Srinagar: An alleged
spurious drug racket in government hospitals here is widely
perceived to be not merely a health or medical issue but also a
deeply political one.
Members of the local doctors' association, traders, travel agents
and civil society have been demanding action against those
involved in supplying a spurious life-saving drug to hospitals.
"We want members of the purchase committee that approved the drug
sacked. We also demand a judicial probe into the racket so that
the truth is brought before the public," Shakeel Qalandar, a well
known civil society activist and businessman, told IANS.
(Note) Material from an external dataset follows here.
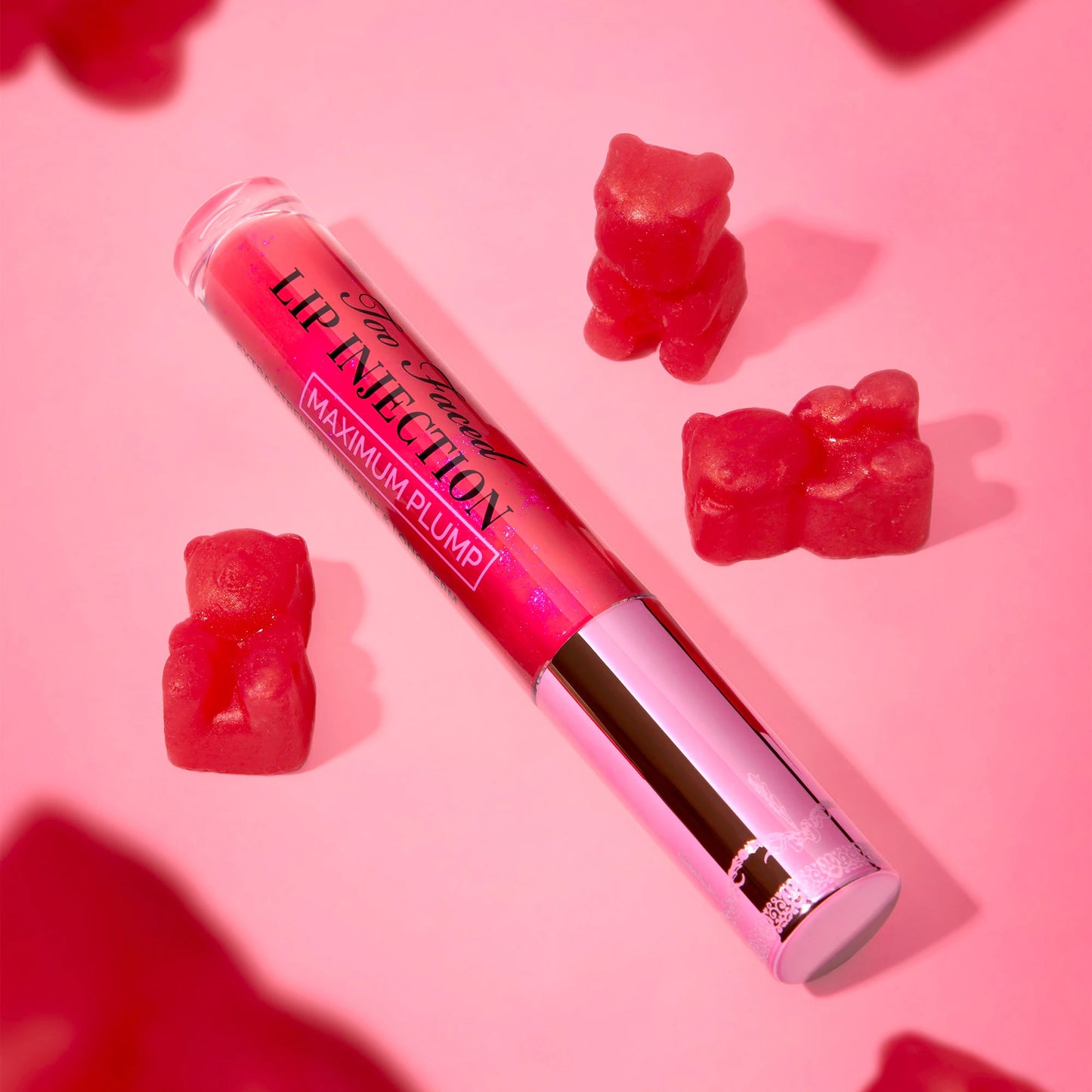 Too Faced - Lip Injection Maximum Plump réf Yummy Bear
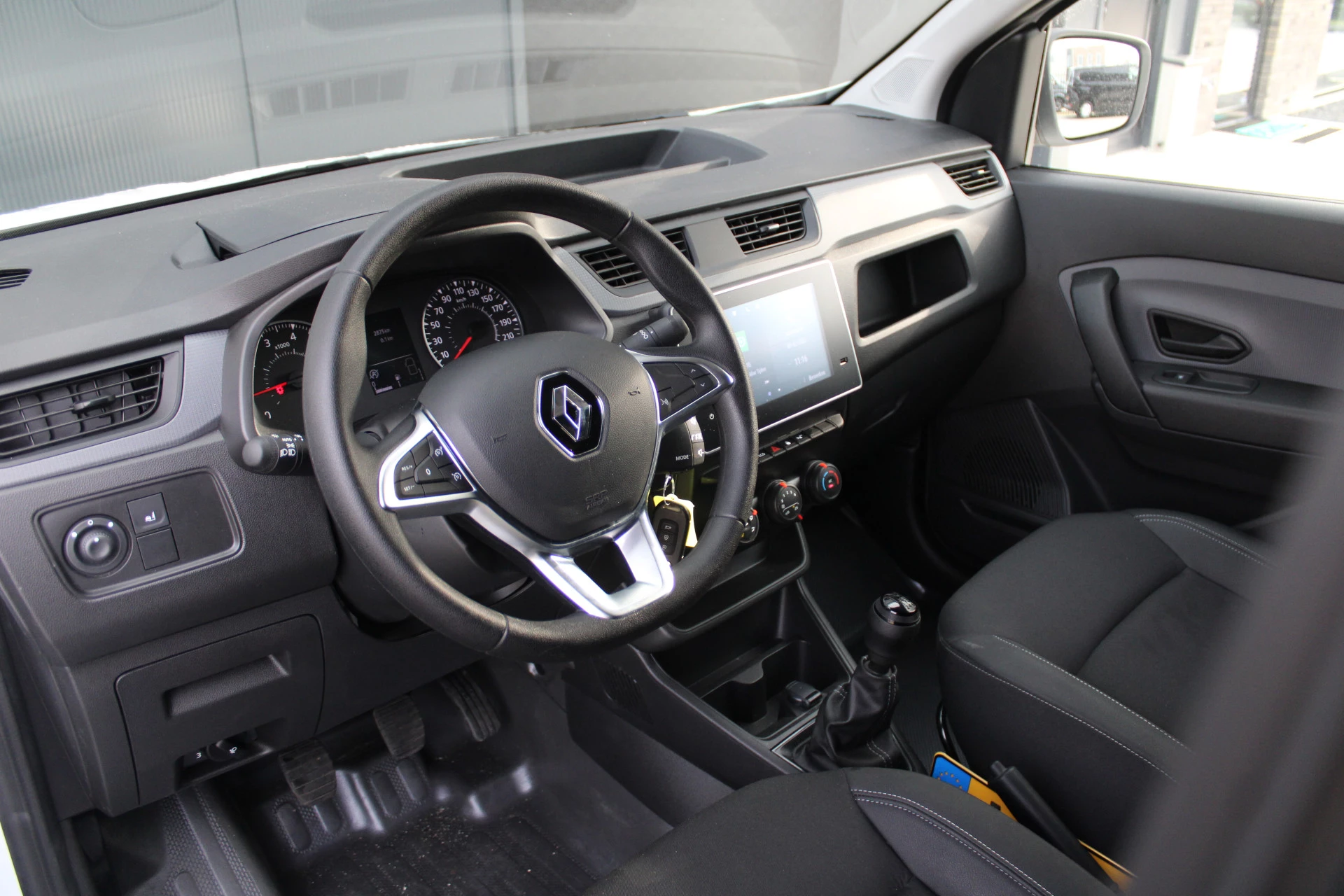 Hoofdafbeelding Renault Express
The life-saving antibiotic - amoxycillin with clavulanic acid -
manufactured under the brand name Maximine 625, was approved by a
three-member purchase committee set up by the state health
department in 2010.
The drug is used in the treatment of bacterial infections like
those affecting the urinary tract and the respiratory tract, as
also the skin, soft tissue and dental infections.
After the purchase committee approved the drug, stores in
government-run hospitals have been selling it to patients.
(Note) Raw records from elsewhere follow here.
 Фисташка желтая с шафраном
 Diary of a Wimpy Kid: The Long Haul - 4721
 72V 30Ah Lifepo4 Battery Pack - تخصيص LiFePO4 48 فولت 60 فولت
It now emerges that the drug control department had been informing
the authorities that the product had tested sub-standard.
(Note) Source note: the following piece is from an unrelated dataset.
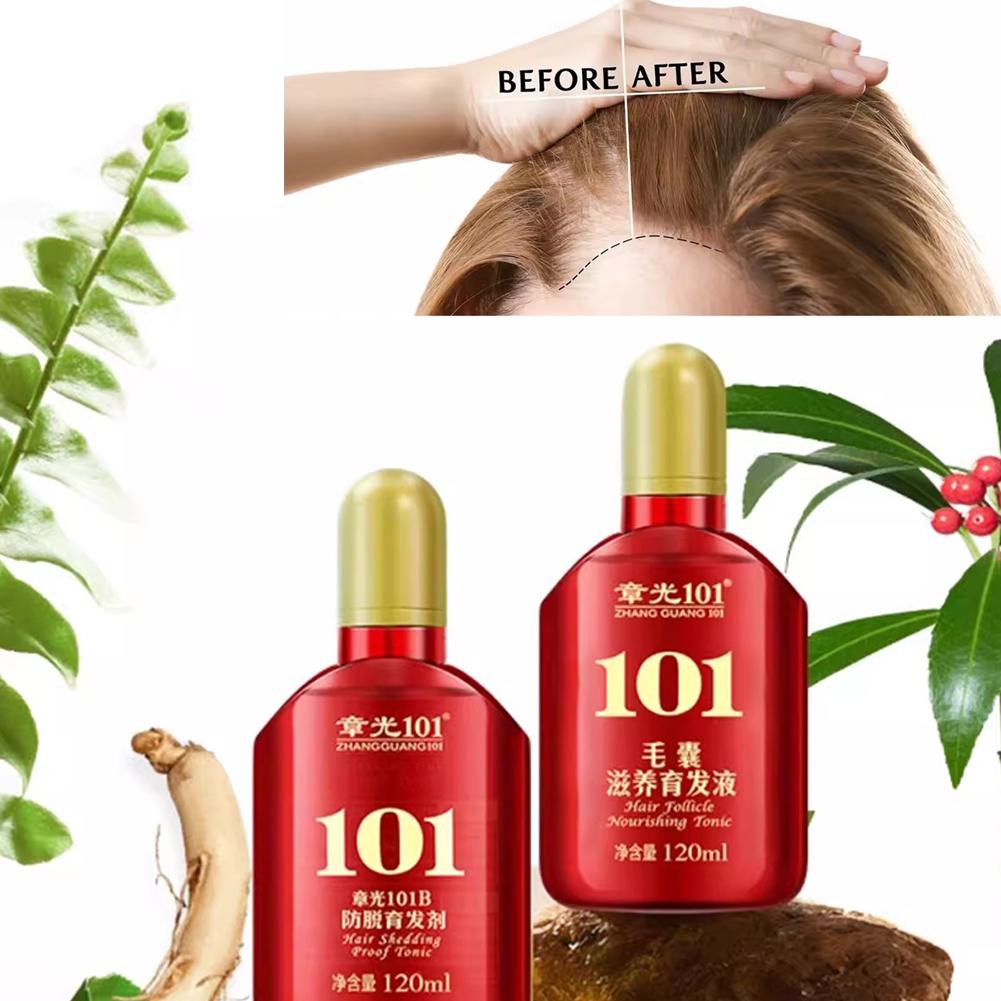 Zhang Guang 101 Ginseng Liquid - Hair Care Ginseng recensione e prezzo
"The information was submitted to the higher authorities from time
to time since 2010, but no action was taken," said an official of
the drug control department, who requested anonymity.
The Kashmir Monitor daily on Thursday carried a banner report
claiming to possess documents that prove that the racket in
government-run hospitals had been going on since 2010.
Two senior Congress ministers, whose strained relations are no
secret, are again in the news - this time for the spurious drug
racket.
Sham Lal Sharma of the Congress, who handled the health portfolio
when the spurious drug racket is believed to have started, now
holds the public health engineering (PHE) portfolio previously
handled by Chowdhary Taj Mohiuddin.
While Sharma's supporters blame Mohiuddin for bungling in the PHE
portfolio, the latter's supporters now blame Sharma for the drug
racket.
Interestingly, as the two senior Congress leaders trade charges,
the party's high command and state unit president Saif-ud-Din Soz
have maintained a discreet silence.
Meanwhile, relations between the two ruling partners, the National
Conference (NC) and the Congress, have already run into rough
weather. This is because the NC leadership is engaged in posturing
over local issues while this does not suit the centrist agenda of
the Congress.
The fact of two senior Congress ministers being at loggerheads is
bound to come in handy for both the NC and the opposition People's
Democratic Party (PDP), as poll alliances seem to be a remote
possibility when assembly elections are held in 2014.
Although the PDP has called the war of attrition between the two
Congress ministers a "drama", senior separatist leader Syed Ali
Geelani has demanded that an FIR be lodged against those involved
in the alleged racket.
Meanwhile, the people of the state hope politics will not
completely overpower the potency of drugs they are sold.